Trata-se aqui de uma obra que nasceu por encomenda. Eis os factos: em meados da década passada, os Sparks foram contactados pela Sveriges Radio (a rádio nacional sueca), no sentido de criarem um rádio drama que, no seu enredo, deveria obrigatoriamente comportar um «elemento sueco». A escolha da banda – uma vez eliminada a opção IKEA –, essa, recaiu sobre Bergman.
A relação dos Sparks com o cinema não é nova: nos anos 70, os membros da banda foram convidados por Jacques Tati a colaborar, como actores e compositores, na construção de um filme que haveria de ser abortado pela morte do cineasta (Confusion, para o qual chegaram a gravar a canção com o mesmo nome que se encontra no álbum Big Beat, de 1976). No entanto, mesmo tomando em linha de conta estas afinidades electivas, há que convir que a combinação dos falsetes dos Sparks com a gravidade de Bergman é, no mínimo, um bocado esdrúxula. Pois bem: apesar de todas as probabilidades em contrário, a mixórdia funciona, resultando numa ópera-bufa-pop-todo-o-terreno (porque sem género definido) que, ao longo de vinte e quatro canções, mergulha num pesadelo um dos cineastas que melhor soube figurá-los.
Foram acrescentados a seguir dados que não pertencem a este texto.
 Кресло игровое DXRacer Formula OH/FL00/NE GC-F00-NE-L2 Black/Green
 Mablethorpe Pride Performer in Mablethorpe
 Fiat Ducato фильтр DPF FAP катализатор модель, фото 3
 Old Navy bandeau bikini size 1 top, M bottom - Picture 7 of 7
Resumo Europa-América do libreto: estamos na Estocolmo de 1956, pouco tempo depois de Bergman ter sido premiado pela primeira vez em Cannes, pelo seu trabalho em Sommarnattens Leende (Sorrisos Numa Noite de Verão, de 1955). Sem nada para fazer, Bergman dá por si numa sala de cinema, a ver o que descreve (em tom nauseado, e ao som do distópico sintetizador de Ron Mael) como «arte escapista da pior espécie», leia-se: «um típico filme de acção americano», cujo nome nem sequer consegue pronunciar. Já em agonia, Bergman abandona a sala, mas, ao fazê-lo, descobre que as ruas de Estocolmo cederam o seu lugar às ruas de Hollywood.
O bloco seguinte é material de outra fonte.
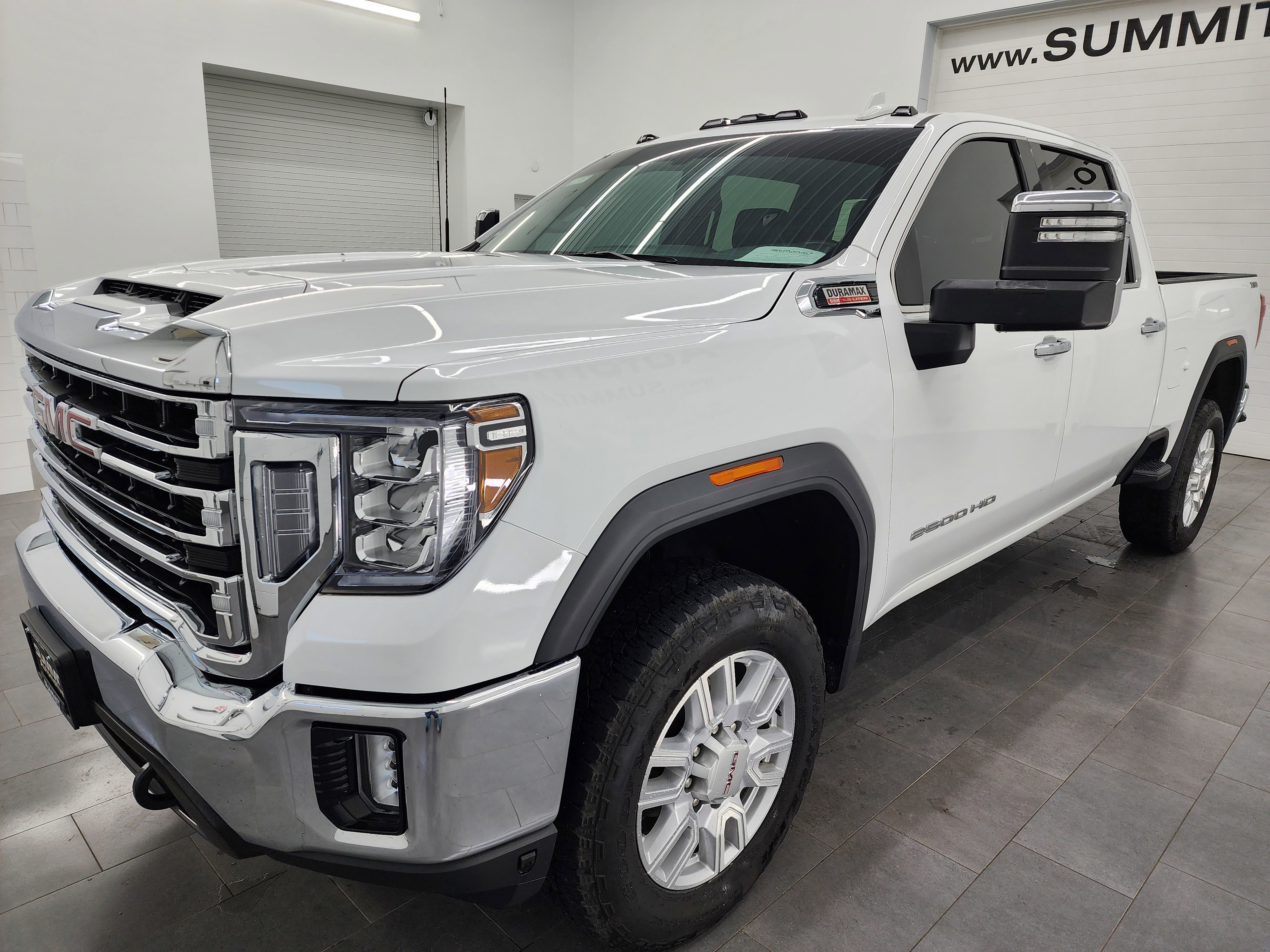 Used 2022 GMC Sierra 2500 SLT w/ SLT Convenience Package image 7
A partir daqui, ficamos entregues ao gesto de sedução que o título anuncia, com Bergman a ser ininterruptamente tentado pelos emissários do grande satã, isto é: pelos diversos funcionários de um estúdio de Hollywood, que – a troco de um punhado de dólares – pretendem convencê-lo a tornar o seu cinema «mais apelativo» (“Mr. Bergman, we’re not hicks / But we must deliver kicks / Still there is some middle ground / Hollywood can be your town”; “Smiles Of A Summer Night / Hope I got the title right / Why not a quantum leap / You still haven’t hit your peak”). Pelo meio, haverá divas histéricas, caçadores de autógrafos, uma tentativa de evasão, uma perseguição policial (com Bergman a correr ao som dos rockets disparados por um helicóptero) e, sobretudo, o hilariante relato do encontro do cineasta com aqueles que venderam a sua alma ao diabo (“Alfred Hitchcock, bless his soul / There chomping on a dinner roll / The Man Who Knew Too Much done twice / In Hollywood done twice as nice”).
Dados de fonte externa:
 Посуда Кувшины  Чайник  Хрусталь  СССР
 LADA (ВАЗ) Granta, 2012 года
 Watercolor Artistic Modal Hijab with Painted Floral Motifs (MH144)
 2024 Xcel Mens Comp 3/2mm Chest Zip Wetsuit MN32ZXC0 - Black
Escusado será dizê-lo: estamos em presença de um texto alucinogénio que não se deixa intimidar, de modo algum, pela importância da figura que escolheu retratar, tomando Bergman como objecto de homenagem, mas também – e fundamentalmente – como o motivo de uma paródia cáustica (escute-se, por exemplo, “Oh My God”, onde o cineasta roga a Deus que se manifeste… ajudando-o a fugir de Hollywood).
É um jogo entre a reverência e o sacrilégio que, à sua maneira, a partitura fará por mimetizar, oscilando – também ela – entre o leve (“En Route To The Beverly Hills Hotel”) e o grave (“I Am Ingmar Bergman”). De resto, o álbum constitui uma espécie de súmula enciclopédica dos vários avatares dos Sparks, movendo-se com graça entre o glam de Kimono My House, o synth-pop de No. 1 In Heaven (agora em versão negra) e o electro-pop tutti frutti de Lil’Beethoven, num cadinho complementado por citações bem medidas de Kurt Weill e Stravinski.
Uma última nota: tanto quanto sei, The Seduction of Ingmar Bergman será a breve trecho adaptado ao cinema pelo canadiano Guy Maddin. Parecem-me freaks a mais na mesma capoeira, mas pode ser que esteja enganado (outra vez).